How does the Kernel handle executables?
When you type ./foo
at a shell, the krnel needs to figure out what kind of file it’s dealing with and how to execute it. The process differs significantly between binaries and scripts.
execve()
Both ELF binaries and scripts start the same way. The execve()
system call lands in the kernel and eventually calls search_binary_handler()
(here is an interesting article about it). This function iterates through registered binary format handlers until it finds one that can handle the file.
Let’s see what handlers are available:
➜ ~ ls /proc/sys/fs/binfmt_misc/
register status
The kernel tries each handler in sequence, passing the file’s first 128 bytes to help with format detection. In this case, only the built-in handlers are active (like binfmt_elf and binfmt_script). The binfmt_misc system allows registering additional handlers at runtime.

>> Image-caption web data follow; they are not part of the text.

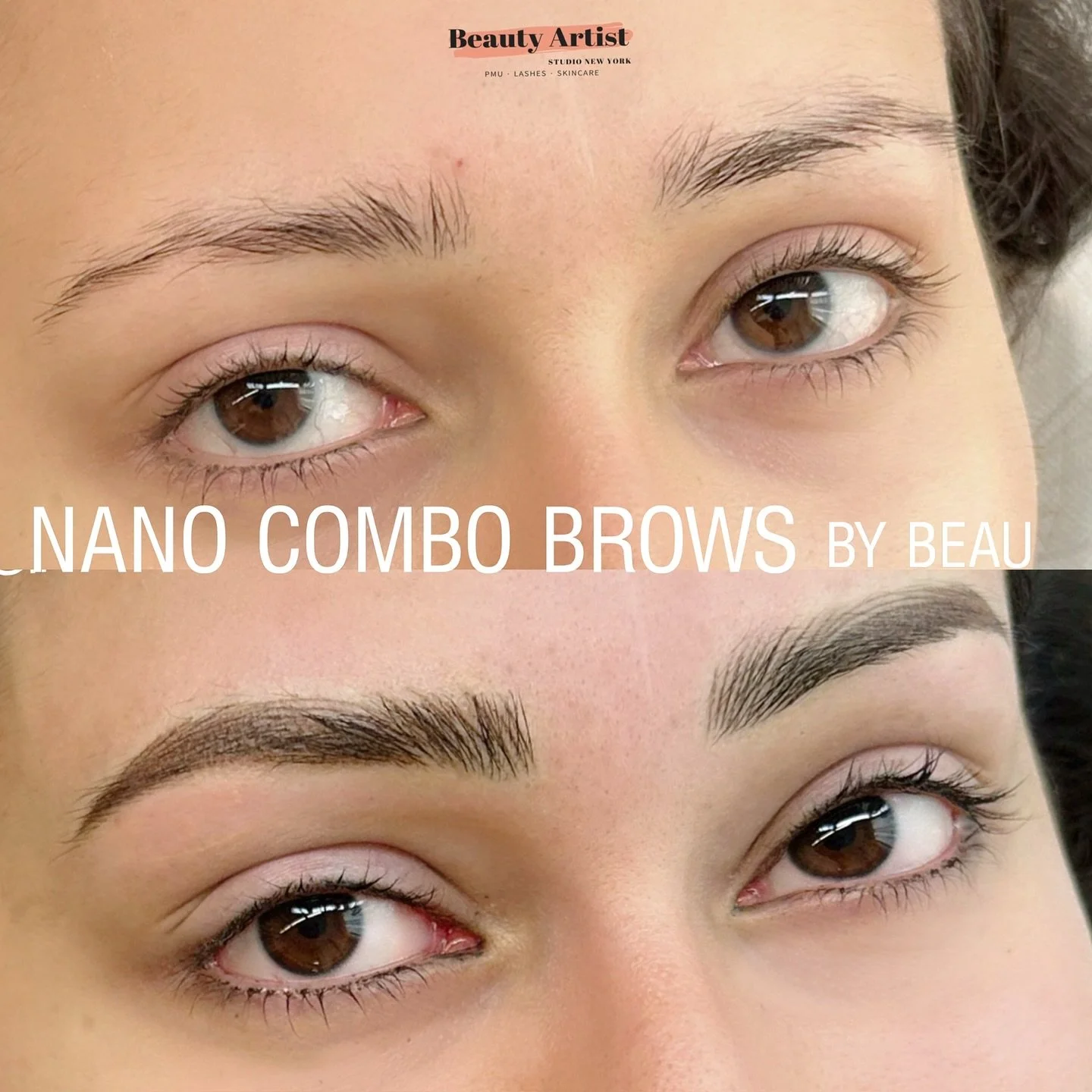 Before ➡️ After = Brow Perfection 🙌⁠
⁠
Nano Combo Brows give you the best of both worlds: hyper-realistic nano hair strokes + soft powdered shading for a fuller, natural yet defined look. 🌿⁠
⁠
This advanced technique is perfect for:⁠
&bull; Oily or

Detection: the magic bytes
Both formats use magic bytes for identification, but they serve very different purposes.
For ELF binaries:
➜ ~ hexdump -C /bin/ls | head -1
00000000 7f 45 4c 46 02 01 01 00 00 00 00 00 00 00 00 00 |.ELF............|
The 0x7f ELF
signature tells the kernel: “I’m a native binary format that you can execute directly.”
A simple compiled hello C program looks the same:
#include <unistd.h>
int main() {
write(1, "hello", 5);
return 0;
}
After compiling it:
➜ ~ hexdump -C hello | head -1
00000000 7f 45 4c 46 02 01 01 03 00 00 00 00 00 00 00 00 |.ELF............|
For scripts:
➜ ~ head -1 ./hello.sh
#!/bin/bash
The #!
signature tells the kernel: “I’m not native code, and you need an interpreter to run me.”

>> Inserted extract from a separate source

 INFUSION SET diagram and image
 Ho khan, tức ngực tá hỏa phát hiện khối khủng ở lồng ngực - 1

ELF files are executed directly
When binfmt_elf
1 recognizes an ELF file, it performs direct execution:
- Parse the ELF headers to understand the binary structure
- Set up memory mappings for code, data, and stack segments
- Load the program into memory at the correct virtual addresses
- Configure CPU registers with the entry point and stack pointer
- Jump to the program’s entry point
The kernel speaks ELF natively. It knows exactly how to transform the file into a running process.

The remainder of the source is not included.